IRIS, Impact Reporting & Investment Standards, is a reporting language developed under the auspices of the Global Impact Investing Network to encourage a common methodology for social impact reporting.


IRIS was designed for investors and organizations seeking investment. IRIS was born as a spinoff of an organization of investors and therefore reflects an impact investor’s perspective. It is useful to several types of investors including:

  • Investors in funds that may or may not focus on social investment
  • Direct investors in companies
  • Companies raising capital

One could also make the case for additional use of IRIS metrics by exporters seeking to participate in global supply chains.


  • Organization Description – the organization’s mission, business model, and location
  • Product Description – description or the organization’s products, services, and target markets
  • Financial Performance – standard financial statements and ratios plus other metrics related to micro enterprises and community service
  • Operational Impact – metrics that describe the organization’s policies, employees, and environmental impact; this is where sustainability is measured as well as other social metrics such as diversity
  • Product Impact – the performance and reach of the companies products and services; these metrics address the extent to which the venture contributes to the local or national economy and to quality of life indicators

The IRIS website also contains a glossary of terms used in impact measurement.


Most IRIS metrics are relevant to the organization across sectors.
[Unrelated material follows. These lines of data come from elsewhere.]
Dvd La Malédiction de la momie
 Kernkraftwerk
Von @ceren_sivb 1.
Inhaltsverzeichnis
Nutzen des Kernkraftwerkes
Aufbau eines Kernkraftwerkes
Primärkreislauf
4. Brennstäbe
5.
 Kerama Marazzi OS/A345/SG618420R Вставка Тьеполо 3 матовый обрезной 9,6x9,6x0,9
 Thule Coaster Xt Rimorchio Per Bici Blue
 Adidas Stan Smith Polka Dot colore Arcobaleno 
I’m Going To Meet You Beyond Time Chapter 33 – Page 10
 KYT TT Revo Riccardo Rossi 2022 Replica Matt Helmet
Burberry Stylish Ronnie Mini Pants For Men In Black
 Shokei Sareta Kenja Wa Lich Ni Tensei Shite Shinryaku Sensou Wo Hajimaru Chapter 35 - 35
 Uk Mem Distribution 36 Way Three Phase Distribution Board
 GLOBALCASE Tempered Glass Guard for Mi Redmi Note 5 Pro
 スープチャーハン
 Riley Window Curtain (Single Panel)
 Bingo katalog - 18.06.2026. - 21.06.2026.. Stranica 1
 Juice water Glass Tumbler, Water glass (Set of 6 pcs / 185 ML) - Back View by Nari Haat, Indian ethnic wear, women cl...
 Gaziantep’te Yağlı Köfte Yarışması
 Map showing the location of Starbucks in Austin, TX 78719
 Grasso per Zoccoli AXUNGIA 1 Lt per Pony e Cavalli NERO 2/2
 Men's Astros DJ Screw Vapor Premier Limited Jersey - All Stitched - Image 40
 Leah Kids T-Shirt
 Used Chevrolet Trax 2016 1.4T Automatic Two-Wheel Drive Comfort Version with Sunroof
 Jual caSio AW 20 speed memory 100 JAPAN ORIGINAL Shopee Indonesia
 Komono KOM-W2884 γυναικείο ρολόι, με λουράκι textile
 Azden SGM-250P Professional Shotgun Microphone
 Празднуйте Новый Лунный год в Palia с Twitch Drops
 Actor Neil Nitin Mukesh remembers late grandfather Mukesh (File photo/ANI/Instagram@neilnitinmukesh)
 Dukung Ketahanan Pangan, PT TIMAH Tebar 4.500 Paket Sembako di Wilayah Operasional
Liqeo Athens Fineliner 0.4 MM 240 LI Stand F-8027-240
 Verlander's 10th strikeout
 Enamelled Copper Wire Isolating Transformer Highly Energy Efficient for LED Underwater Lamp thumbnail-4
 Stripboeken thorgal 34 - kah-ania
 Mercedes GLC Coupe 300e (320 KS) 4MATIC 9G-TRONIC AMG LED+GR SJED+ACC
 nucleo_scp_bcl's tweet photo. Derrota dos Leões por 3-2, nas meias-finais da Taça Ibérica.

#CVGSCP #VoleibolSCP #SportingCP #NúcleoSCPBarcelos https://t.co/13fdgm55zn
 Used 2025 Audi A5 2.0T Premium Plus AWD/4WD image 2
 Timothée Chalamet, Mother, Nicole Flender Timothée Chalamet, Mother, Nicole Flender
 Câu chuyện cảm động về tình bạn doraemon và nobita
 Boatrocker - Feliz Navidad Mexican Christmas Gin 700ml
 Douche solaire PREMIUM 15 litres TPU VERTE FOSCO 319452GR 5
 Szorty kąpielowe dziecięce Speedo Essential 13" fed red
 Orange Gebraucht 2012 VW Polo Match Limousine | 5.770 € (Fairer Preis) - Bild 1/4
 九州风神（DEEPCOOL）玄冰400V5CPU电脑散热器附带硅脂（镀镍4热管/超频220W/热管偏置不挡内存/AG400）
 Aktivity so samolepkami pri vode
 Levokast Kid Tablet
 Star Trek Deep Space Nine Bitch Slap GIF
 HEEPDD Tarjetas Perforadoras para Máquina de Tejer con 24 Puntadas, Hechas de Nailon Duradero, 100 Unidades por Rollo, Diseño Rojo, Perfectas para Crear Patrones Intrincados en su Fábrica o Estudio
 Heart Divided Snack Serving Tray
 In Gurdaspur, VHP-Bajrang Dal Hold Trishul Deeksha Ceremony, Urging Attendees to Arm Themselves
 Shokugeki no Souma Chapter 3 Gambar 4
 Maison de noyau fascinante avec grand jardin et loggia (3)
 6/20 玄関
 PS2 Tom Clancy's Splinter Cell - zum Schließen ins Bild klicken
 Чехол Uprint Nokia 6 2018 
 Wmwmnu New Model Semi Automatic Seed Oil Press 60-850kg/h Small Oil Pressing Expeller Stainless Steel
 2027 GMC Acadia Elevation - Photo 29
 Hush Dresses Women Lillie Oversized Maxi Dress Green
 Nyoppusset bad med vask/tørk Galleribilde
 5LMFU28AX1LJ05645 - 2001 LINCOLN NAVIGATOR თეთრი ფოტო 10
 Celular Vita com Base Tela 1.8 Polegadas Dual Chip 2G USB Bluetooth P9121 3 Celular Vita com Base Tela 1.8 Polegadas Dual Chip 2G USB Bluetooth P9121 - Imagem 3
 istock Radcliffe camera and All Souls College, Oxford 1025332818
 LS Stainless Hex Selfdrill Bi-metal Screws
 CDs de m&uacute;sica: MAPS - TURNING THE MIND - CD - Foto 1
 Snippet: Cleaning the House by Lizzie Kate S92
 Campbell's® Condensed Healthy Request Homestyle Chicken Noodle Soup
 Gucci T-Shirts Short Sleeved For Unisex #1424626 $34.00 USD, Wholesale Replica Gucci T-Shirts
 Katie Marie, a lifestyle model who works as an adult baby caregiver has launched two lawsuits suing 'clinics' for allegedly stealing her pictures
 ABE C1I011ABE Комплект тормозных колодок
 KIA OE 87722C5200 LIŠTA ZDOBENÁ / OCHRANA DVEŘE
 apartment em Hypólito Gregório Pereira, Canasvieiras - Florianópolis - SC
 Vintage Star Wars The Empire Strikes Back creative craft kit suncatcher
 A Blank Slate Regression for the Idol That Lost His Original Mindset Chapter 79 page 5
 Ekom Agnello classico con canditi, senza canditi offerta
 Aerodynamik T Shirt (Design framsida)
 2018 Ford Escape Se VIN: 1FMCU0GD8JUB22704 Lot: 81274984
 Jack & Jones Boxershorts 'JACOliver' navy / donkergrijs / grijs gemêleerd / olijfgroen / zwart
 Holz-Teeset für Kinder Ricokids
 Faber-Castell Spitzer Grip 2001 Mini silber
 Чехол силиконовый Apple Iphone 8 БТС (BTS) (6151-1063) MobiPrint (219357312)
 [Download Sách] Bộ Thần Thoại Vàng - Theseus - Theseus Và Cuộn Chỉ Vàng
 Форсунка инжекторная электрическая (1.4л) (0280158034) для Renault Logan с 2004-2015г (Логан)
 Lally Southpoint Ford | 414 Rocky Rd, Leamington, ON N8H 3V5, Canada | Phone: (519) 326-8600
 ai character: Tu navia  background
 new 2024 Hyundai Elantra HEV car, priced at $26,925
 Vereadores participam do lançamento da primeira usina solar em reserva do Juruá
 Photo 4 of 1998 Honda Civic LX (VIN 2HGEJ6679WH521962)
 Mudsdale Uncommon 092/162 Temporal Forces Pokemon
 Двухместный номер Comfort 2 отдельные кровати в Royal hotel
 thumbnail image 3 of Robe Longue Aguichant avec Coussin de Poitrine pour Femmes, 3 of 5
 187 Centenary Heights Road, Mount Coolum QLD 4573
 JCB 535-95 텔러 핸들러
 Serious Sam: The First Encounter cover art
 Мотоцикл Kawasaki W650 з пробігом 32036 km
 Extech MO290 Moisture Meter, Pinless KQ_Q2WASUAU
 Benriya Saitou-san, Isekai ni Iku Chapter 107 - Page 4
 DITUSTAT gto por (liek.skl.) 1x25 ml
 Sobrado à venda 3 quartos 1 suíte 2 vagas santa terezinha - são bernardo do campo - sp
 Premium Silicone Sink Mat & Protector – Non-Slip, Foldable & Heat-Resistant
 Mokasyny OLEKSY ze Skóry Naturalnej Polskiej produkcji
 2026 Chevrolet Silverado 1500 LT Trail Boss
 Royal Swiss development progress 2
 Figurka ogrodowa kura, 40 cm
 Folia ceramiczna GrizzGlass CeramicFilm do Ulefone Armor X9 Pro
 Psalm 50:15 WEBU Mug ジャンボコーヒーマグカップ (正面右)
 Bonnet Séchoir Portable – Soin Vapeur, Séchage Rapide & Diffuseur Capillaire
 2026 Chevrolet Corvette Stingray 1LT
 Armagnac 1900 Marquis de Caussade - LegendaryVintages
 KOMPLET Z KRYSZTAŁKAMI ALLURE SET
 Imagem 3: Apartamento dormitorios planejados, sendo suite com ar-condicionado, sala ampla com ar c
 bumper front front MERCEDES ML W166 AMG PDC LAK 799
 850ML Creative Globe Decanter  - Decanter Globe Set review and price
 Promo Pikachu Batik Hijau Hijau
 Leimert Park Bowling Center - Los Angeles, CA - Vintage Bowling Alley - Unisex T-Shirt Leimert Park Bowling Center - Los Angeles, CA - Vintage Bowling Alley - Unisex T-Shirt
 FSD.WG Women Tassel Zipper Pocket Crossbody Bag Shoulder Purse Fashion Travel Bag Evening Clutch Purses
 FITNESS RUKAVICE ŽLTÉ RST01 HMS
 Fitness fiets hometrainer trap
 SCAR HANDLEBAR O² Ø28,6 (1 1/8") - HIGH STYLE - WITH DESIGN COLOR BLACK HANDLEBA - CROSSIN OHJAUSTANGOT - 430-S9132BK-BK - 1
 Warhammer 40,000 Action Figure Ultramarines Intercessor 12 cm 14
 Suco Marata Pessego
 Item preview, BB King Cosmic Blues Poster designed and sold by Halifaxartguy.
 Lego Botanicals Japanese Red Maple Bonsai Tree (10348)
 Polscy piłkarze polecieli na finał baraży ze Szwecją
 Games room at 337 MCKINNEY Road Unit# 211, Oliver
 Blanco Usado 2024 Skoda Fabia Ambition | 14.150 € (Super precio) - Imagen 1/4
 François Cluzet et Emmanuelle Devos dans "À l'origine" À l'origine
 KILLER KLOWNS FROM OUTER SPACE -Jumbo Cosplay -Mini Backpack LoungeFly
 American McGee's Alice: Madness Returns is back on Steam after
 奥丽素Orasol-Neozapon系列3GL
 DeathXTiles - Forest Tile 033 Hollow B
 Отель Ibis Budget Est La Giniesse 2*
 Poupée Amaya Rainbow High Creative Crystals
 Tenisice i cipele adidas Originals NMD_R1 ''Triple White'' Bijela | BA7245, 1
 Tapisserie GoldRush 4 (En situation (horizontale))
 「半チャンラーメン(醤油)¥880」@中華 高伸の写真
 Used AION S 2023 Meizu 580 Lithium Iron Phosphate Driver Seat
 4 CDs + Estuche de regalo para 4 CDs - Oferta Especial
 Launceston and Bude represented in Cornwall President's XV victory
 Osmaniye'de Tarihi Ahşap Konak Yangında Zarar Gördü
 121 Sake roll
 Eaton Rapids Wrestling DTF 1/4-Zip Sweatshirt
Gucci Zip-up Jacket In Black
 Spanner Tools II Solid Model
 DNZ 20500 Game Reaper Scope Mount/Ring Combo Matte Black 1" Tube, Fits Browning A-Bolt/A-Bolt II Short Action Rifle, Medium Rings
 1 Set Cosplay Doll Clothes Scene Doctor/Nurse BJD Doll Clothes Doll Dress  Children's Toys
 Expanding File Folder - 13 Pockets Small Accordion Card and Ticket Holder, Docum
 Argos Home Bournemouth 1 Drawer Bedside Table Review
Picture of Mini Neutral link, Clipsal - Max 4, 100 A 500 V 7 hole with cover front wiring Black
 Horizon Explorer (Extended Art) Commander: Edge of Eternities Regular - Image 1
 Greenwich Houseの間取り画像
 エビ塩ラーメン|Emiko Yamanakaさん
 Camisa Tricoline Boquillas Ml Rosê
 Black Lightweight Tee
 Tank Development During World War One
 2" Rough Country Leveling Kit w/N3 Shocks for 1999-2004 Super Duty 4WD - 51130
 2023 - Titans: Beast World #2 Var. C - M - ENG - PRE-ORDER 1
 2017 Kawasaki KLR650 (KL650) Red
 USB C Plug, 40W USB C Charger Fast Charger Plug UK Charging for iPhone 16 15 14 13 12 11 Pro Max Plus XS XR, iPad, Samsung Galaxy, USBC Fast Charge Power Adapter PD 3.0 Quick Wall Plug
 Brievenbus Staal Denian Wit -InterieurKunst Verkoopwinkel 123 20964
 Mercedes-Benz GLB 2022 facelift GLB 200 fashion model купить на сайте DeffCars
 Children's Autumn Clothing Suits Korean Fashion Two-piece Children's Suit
Some have particular relevance to organizations whose activities impact a certain sector.

IRIS identifies eight specific impact sectors:

  • Agriculture
  • Education
  • Energy
  • Environment
  • Financial Services
  • Health
  • Housing/Community Services
  • Water

IRIS is a useful tool for measuring social impact in a developing country context. International organizations and development financial institutions such as the International Finance Corporation often require companies seeking funding to show the economic, social and or environmental impact of their venture. IRIS can be used for making the case for investment in a given company, product or service, or project, even when it does not maximize returns on a purely financial basis. It is also useful for tracking progress against goals and reporting to stakeholders.

I would encourage all businesses operating in emerging and frontier markets to begin measuring the sustainability and social impact of their activities. This is especially true for exporters. These indicators are growing in importance not only for investors, but also for larger corporate and government buyers facing pressure to demonstrate corporate social responsibility. These companies will look to their supply chains to help boost their CSR scores. If the expertise does not exist in-house, seek out professionals with the technical and financial expertise to get the job done.